» **Problem to solve**: Find the line containing "Festartiklar - Chevron, Papptallrikar", then return it and every line after it through the end of the records, exactly. Leave out pictures.

Dataset content Start Marker

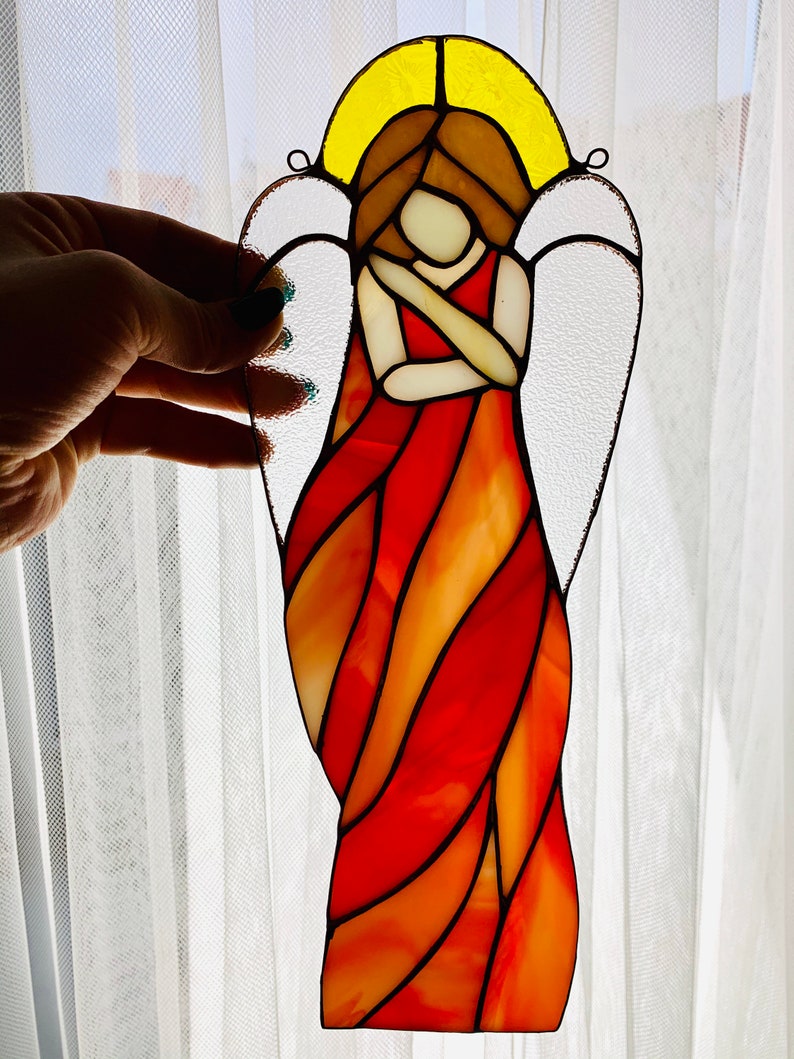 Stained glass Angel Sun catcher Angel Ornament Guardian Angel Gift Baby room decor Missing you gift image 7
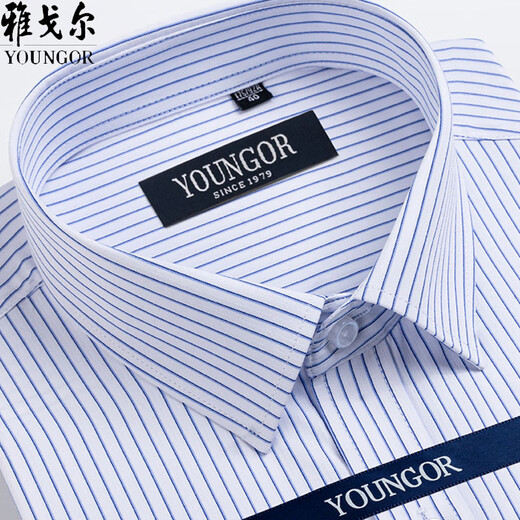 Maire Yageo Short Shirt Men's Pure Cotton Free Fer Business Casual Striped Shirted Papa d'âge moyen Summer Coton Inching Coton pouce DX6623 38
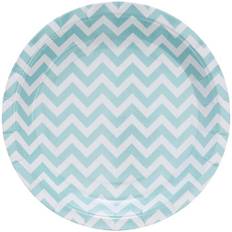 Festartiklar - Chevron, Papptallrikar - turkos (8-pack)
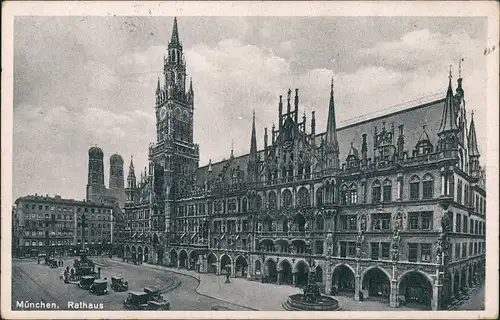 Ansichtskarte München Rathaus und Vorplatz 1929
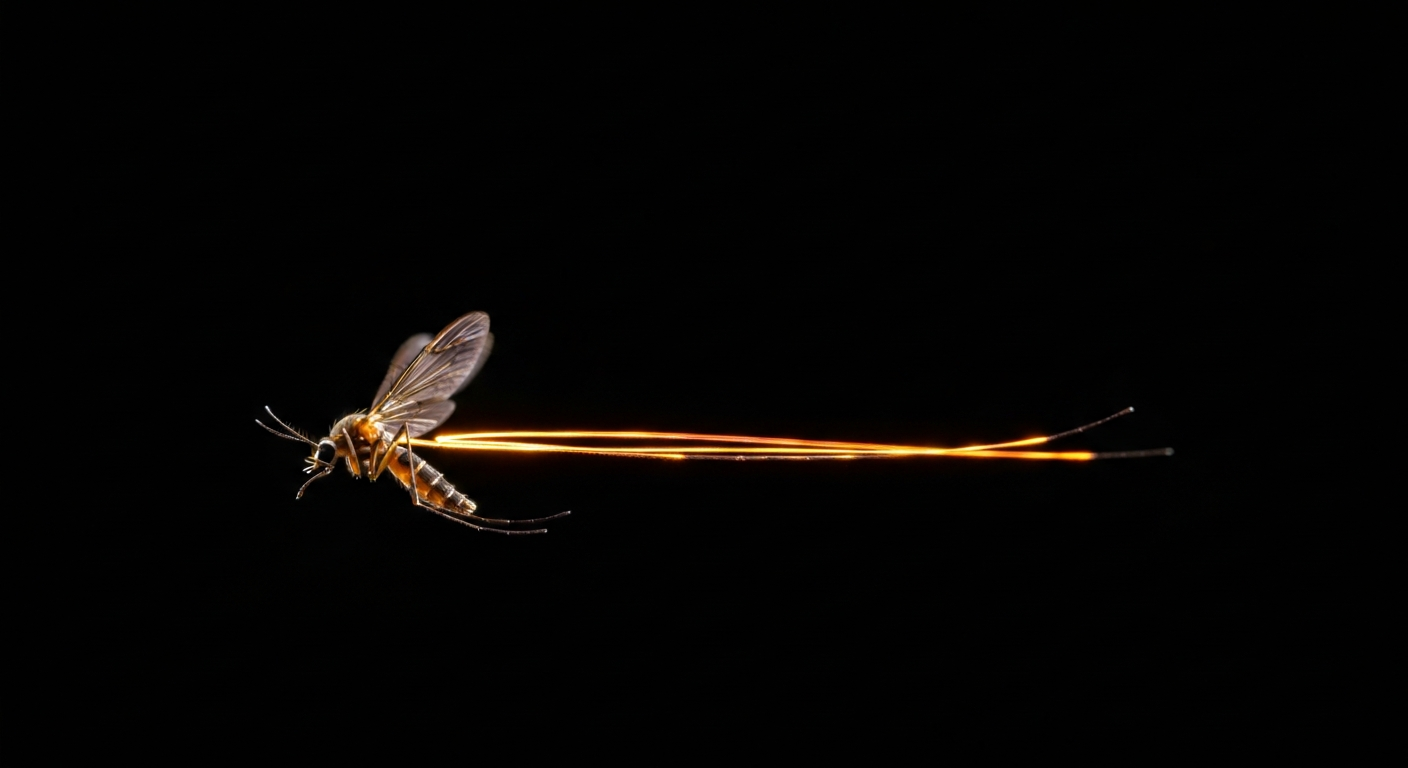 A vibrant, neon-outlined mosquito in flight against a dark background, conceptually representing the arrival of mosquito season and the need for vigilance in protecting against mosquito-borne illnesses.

Dataset content End Marker

» **Exercise output**:
 Festartiklar - Chevron, Papptallrikar - turkos (8-pack)
 Ansichtskarte München Rathaus und Vorplatz 1929
 A vibrant, neon-outlined mosquito in flight against a dark background, conceptually representing the arrival of mosquito season and the need for vigilance in protecting against mosquito-borne illnesses.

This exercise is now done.